Man, those tweedies have all the luck!

Jesse


----------



## cranbrook2 (May 12, 2006)

LOL Thank you guys 
 i just built 3 more this week but they are a little easier to build and smaller.
 i am going to design How to patterns for anyone  who wants to  build them. 
  thanks 
         john
http://www.cranbrookcreations.com


----------



## inspectorD (May 14, 2006)

I like the open porch one myself...Why so many? Ebay sales pickin up?


----------



## cranbrook2 (May 15, 2006)

Here are a couple more i just finished last week. these houses are pretty simple  the first house is made from 60 yr old barn wood. it was run through the planer.  
the second house is made from 120 yr old barn wood that i got from my fire pit.


----------



## cranbrook2 (Jun 22, 2006)

Here is another extreme birdhouse almost complete. it is 6 ft wide and over 4 1/2 ft hgh.  
it is made from 120 yr old reclaimed barnwood. 
 the roof will be done with steel and 22 wood dormers. 
thanks for looking
 john


----------



## bethany14 (Jul 19, 2006)

I'm lovin your style 
How does one build the arbor?  What connects the wood pieces?  Where do you get your wood?  
I could spend a day picking your brain 
Thanks for sharing!


----------



## cranbrook2 (Jul 24, 2006)

Thank you Bethany
 I use spruce branches for the arbors.
 i predrill the wood then use 5" galvinized nails. i also use a finished nailer and screws for the smaller branches.

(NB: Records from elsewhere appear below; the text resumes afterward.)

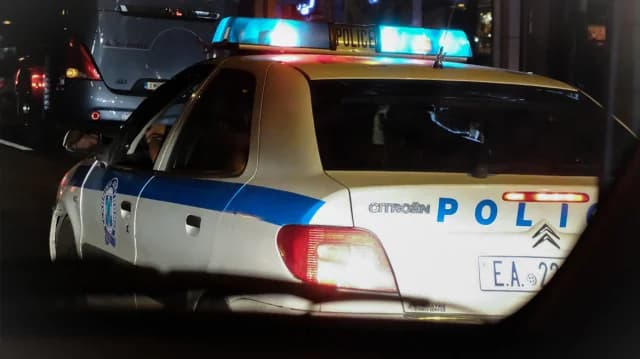 Салоники: 26-летний мужчина попал в аварию и напал на полицейского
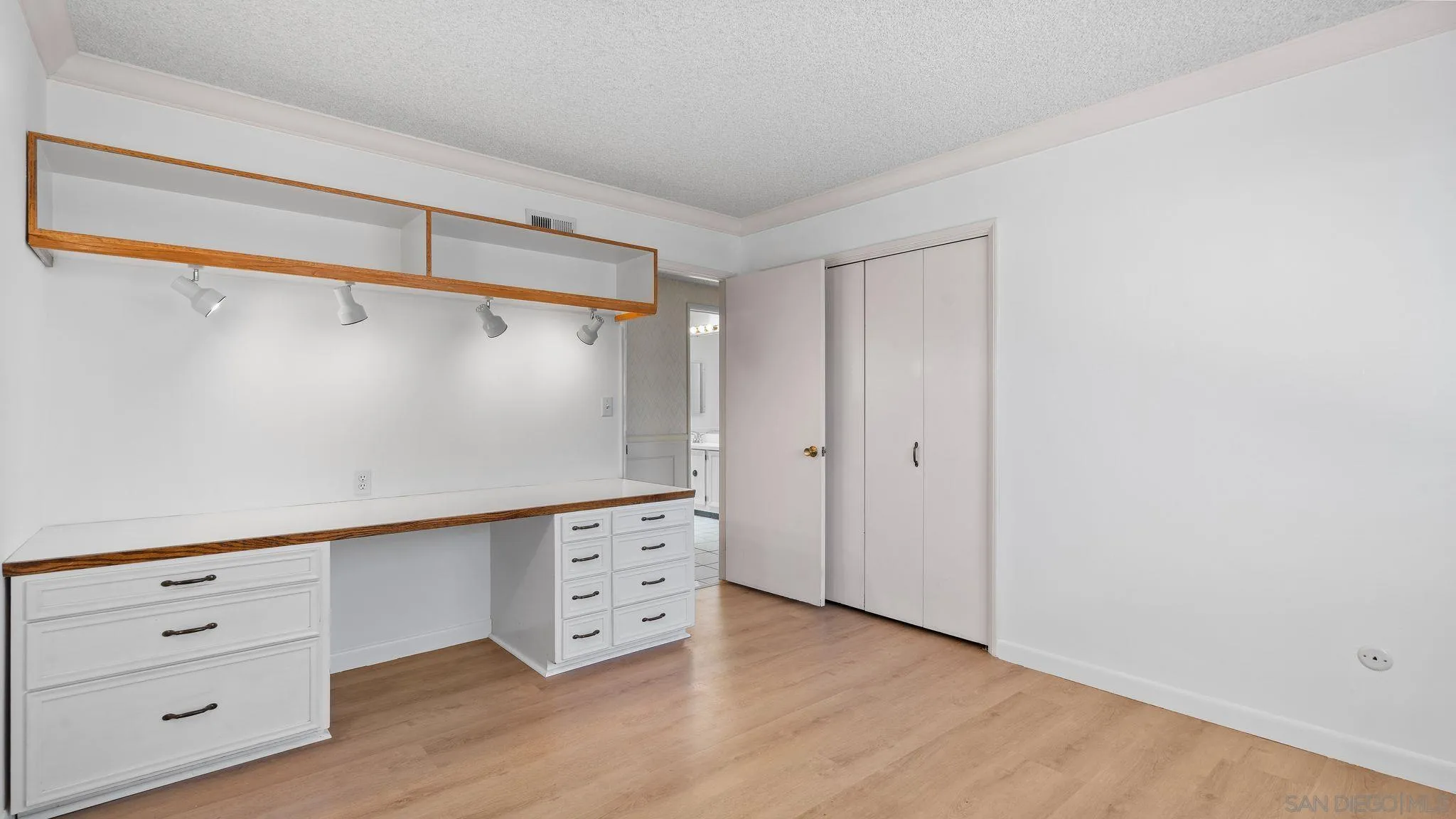https://cdn.realtyfeed.com/cdn/127/260009631/d92847b71e75f74912ea140d289fdb87.webp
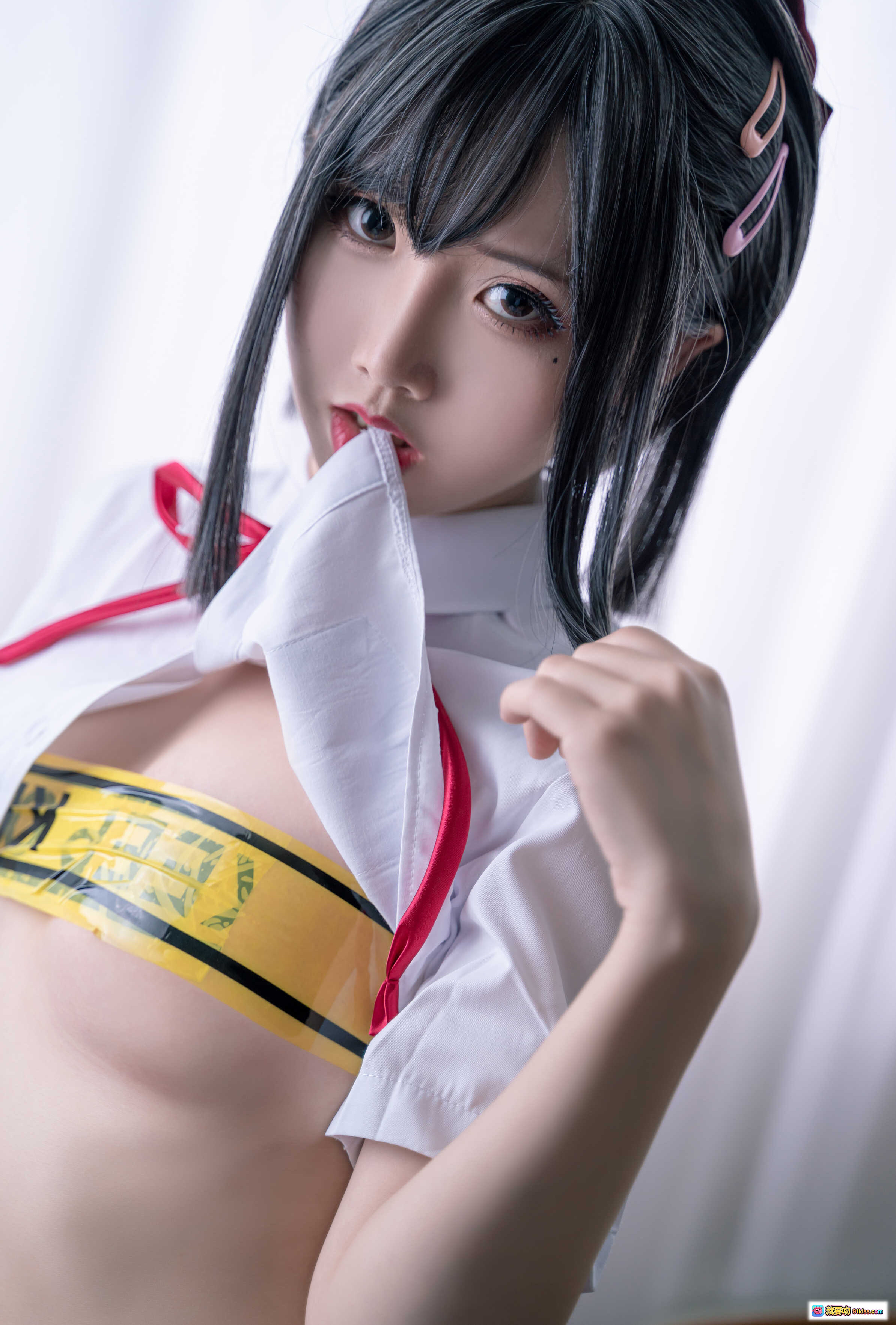 图片[5] - 面饼仙儿NO.102短校服胶带写真 | 白色过膝袜骷髅警示带 | 高跟鞋教室场景 | 32P高清图集 - 就要吻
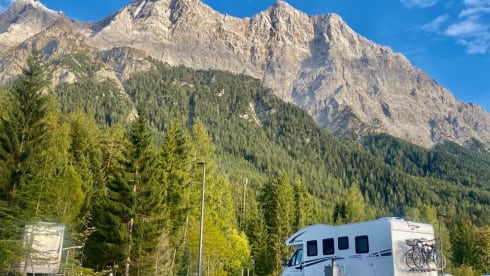 Luxury motorhome with air conditioning and separate sleeping area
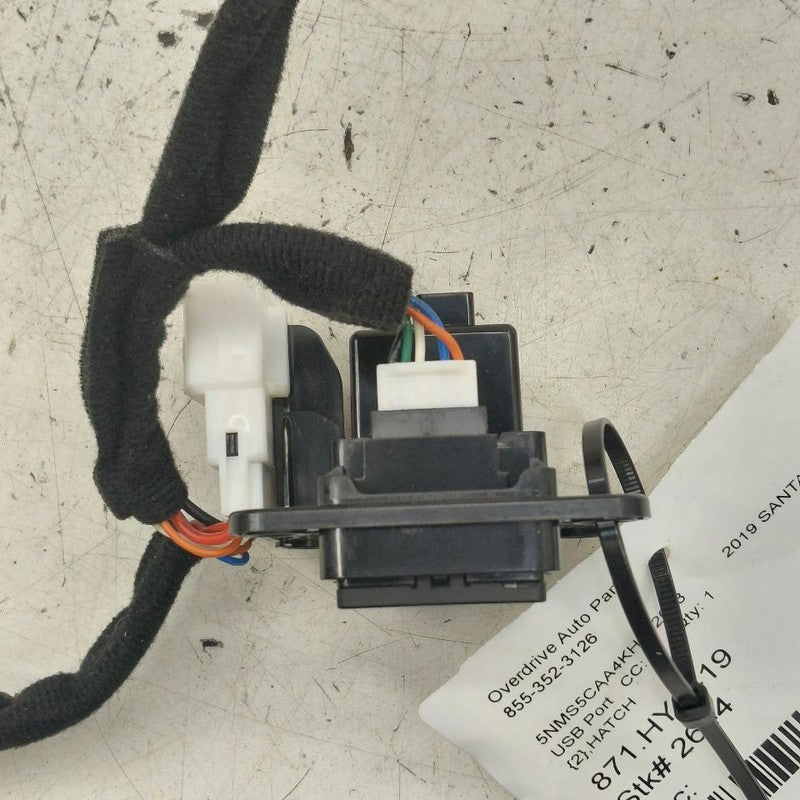 Hyundai Santa Fe USB Plug In Hub Port  2019 2020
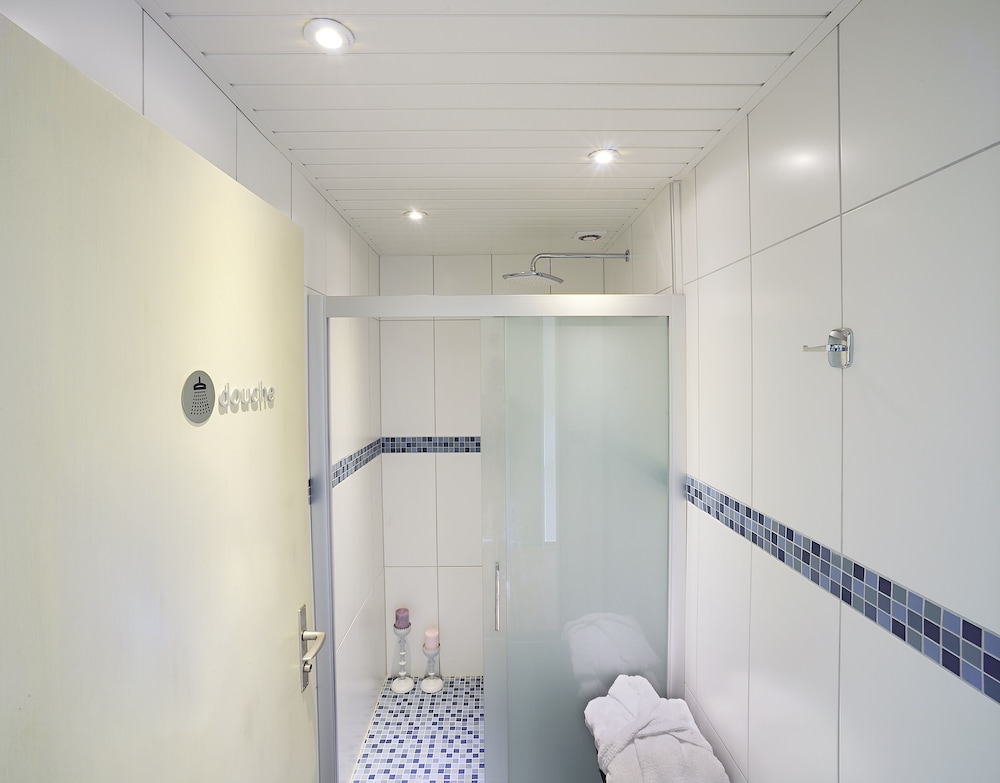 Economy Double or Twin Room photo 2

 The birdhouses are all made from old barn wood  
 it is all free wood. i also use a finish nailer for them.2 1/2" galv. nails

thanks again
 john


----------



## cranbrook2 (Jul 24, 2006)

here is my latest project.
it is a 10 ft diameter gazebo.


----------



## Square Eye (Jul 24, 2006)

As a fellow gazebo builder, I've got to say,,




click free


Good Job! It looks real nice Cranbrook2.


----------



## cranbrook2 (Jul 25, 2006)

Thanks Tom
 this one is a freebee i did for a neighbor. 
it is going to be loaded onto a hay wagon and moved about a mile from my house.
 thanks again
 john


----------